日本の社会保障給付費総額が139.8兆円と過去最大を更新し、国民医療費総額も47.5兆円に達しています。
高齢化の加速に伴い後期高齢者医療給付費が前年比で4.1%増加するなど、国家財政と家計を圧迫する構造的課題が鮮明になっています。
医療・介護現場では逼迫の度合いが増しており、持続可能な社会保障制度への抜本的な見直しが急務となっています。
医療費と社会保障の現在地
1人当たりの年間医療費は38.2万円に上り、医療資源の適正配置がかつてないほど重要な経営課題となっています。
全国の一般病院数は8120施設(病床数150万床)を数えますが、地域ごとの需給バランスには大きな偏りが生じています。
要介護および要支援の認定者数が715万人に到達する一方で、介護従事者の有効求人倍率は3.85倍という記録的な高水準で推移しています。
| 指標項目 | 統計数値 | 動向・前年比 |
|---|---|---|
| 社会保障給付費総額 | 139.8兆円 | 過去最大を更新 |
| 国民医療費総額 | 47.5兆円 | 拡大傾向 |
| 1人当たり年間医療費 | 38.2万円 | 高齢化に伴い上昇 |
| 介護従事者有効求人倍率 | 3.85倍 | 深刻な人手不足 |
| 要介護認定者数 | 715万人 | 増加傾向 |
医療・介護インフラが直面する3つの重大課題
- 高齢化と給付費の膨張: 後期高齢者医療給付費の急増が医療保険財政を直圧しています。
- 深刻な担い手不足: 介護分野における3.85倍という求人倍率は、サービス供給体制の維持そのものを危うくしています。
- 地域間格差の拡大: 長野県のような健康長寿モデル県と、高齢化が進む地方都市の間で医療資源の最適化が求められています。
持続可能な社会保障に向けた展望
健康寿命の延伸(男性72.8歳、女性75.5歳)に向けた予防医療の徹底が、医療費抑制の切り札となります。

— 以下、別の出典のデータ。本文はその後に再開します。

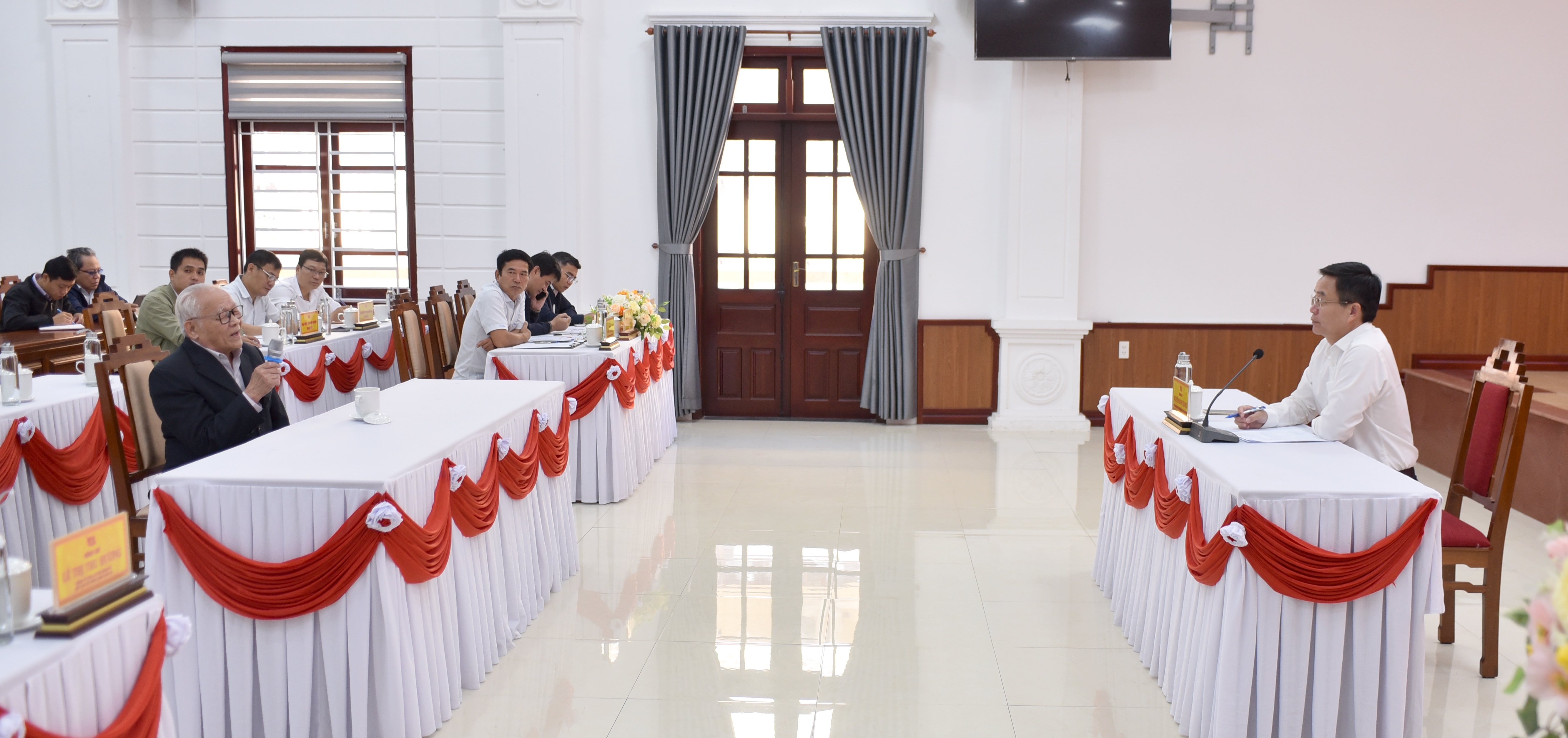 Bí thư Thành ủy Nguyễn Đình Trung tiếp công dân tại xã Khe Tre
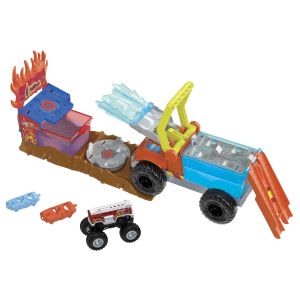 Hot Wheels Monster Trucks Arena Smashers Colour Shifters 5-Alarm Rescue Playset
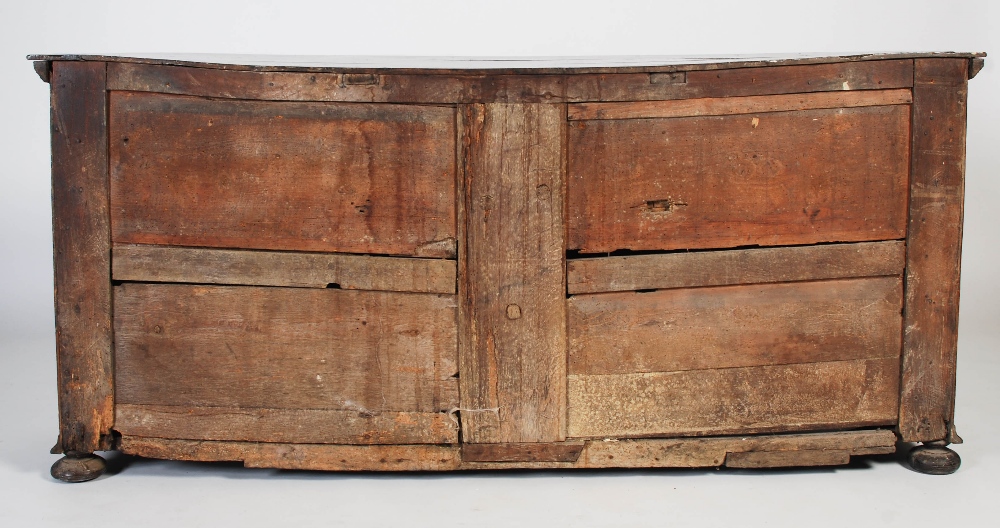 An 18th century oak dresser, the rectangular planked top above three frieze drawers and central - Image 9 of 9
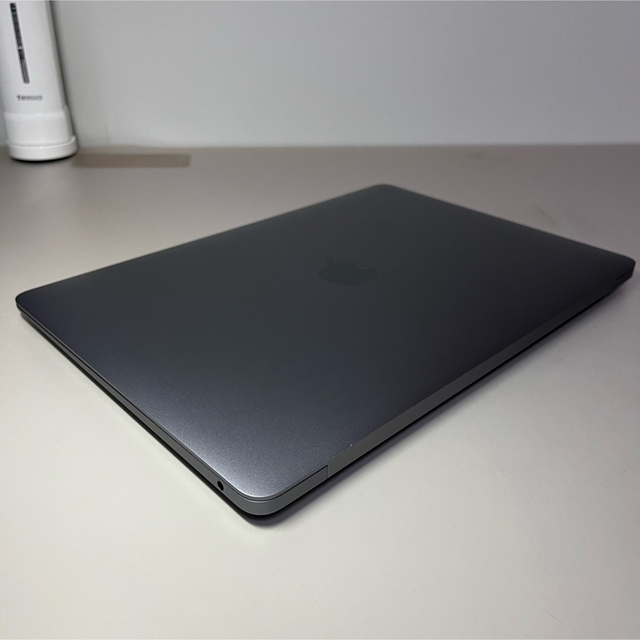 M1 MacBook Air 13 2020 A2337 8GB 512GB スマホ/家電/カメラのPC/タブレット(ノートPC)の商品写真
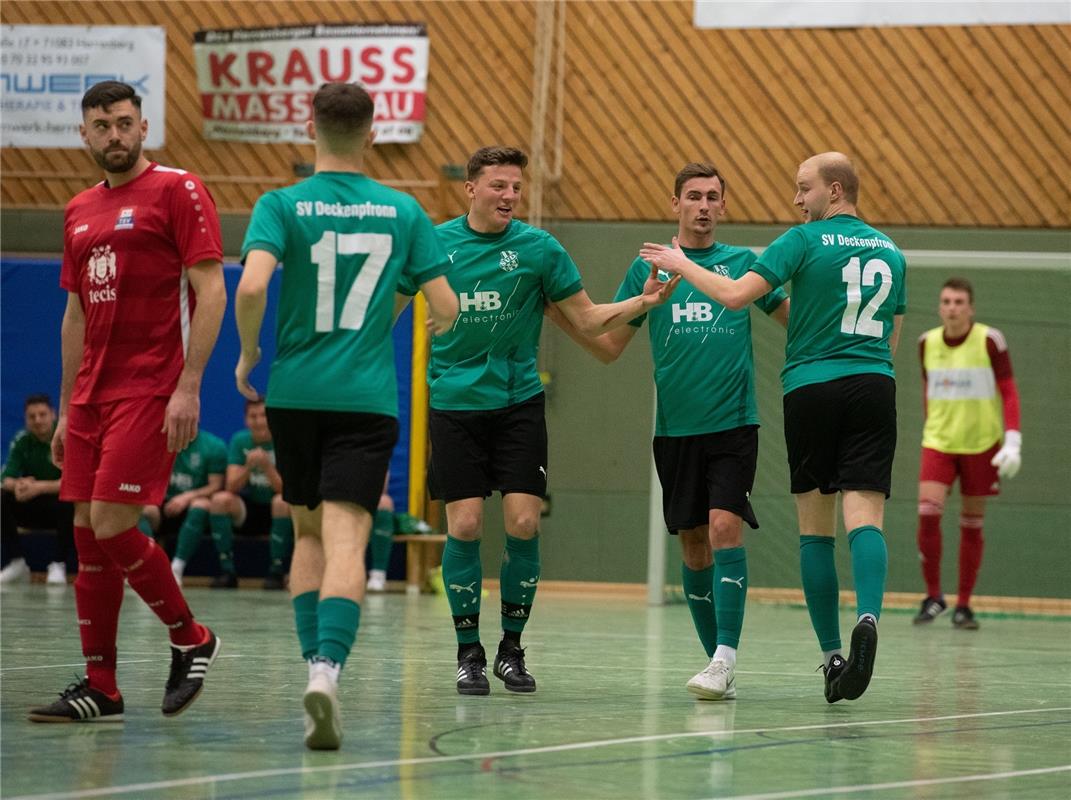 Herrenberg, Längenholzhalle, Fußball, Gäubote-Cup,  SV Deckenpfronn (grün) - TSV...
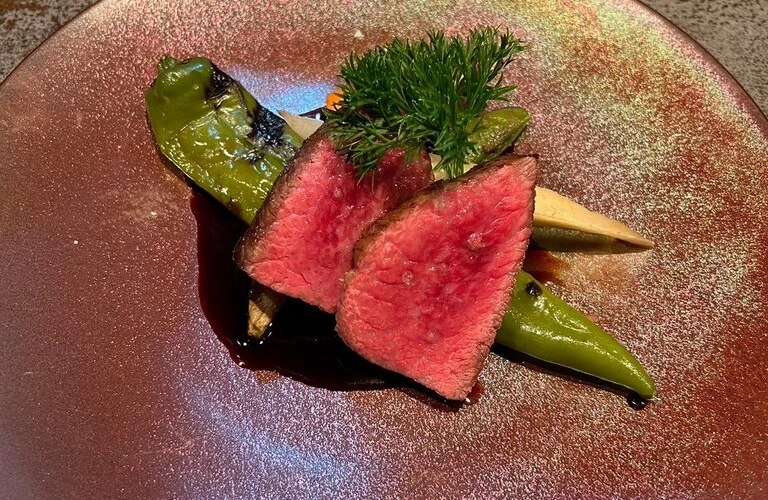 和牛の旨味とフレンチの華やかさが融合する西荻窪ディナーを堪能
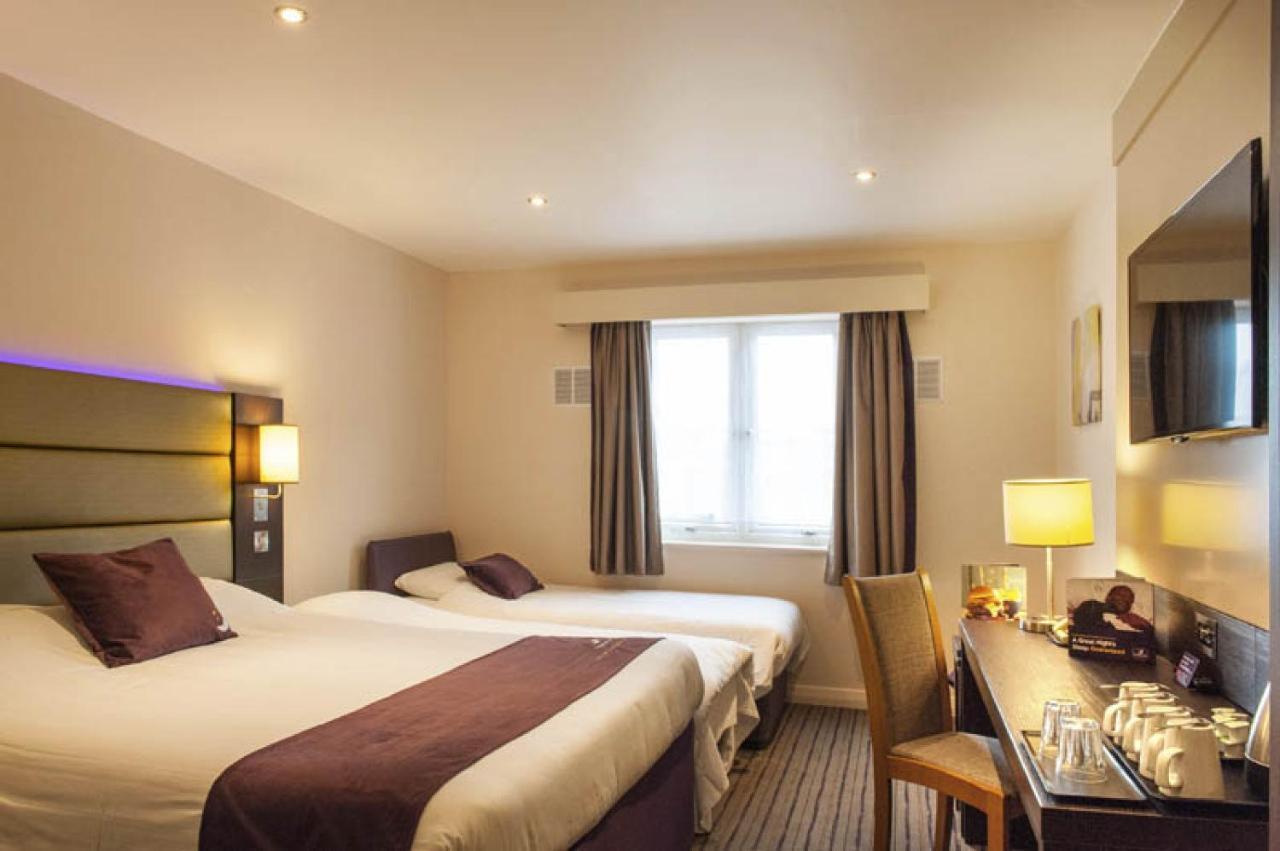 Premier Inn Guildford North - A3 ภายนอก รูปภาพ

テクノロジーの活用による医療・介護現場の業務効率化と、給付と負担のバランス再構築が不可欠な局面を迎えています。
公的統計が示す冷徹なファクトに基づき、国と地方自治体、そして企業が一体となったシステム改革が求められます。
出典
本記事の分析データは、厚生労働省・国立社会保障・人口問題研究所公表の「国民医療費の概況」「医療施設調査」「患者調査」および「社会保障費用統計」に基づき作成・集計したものです。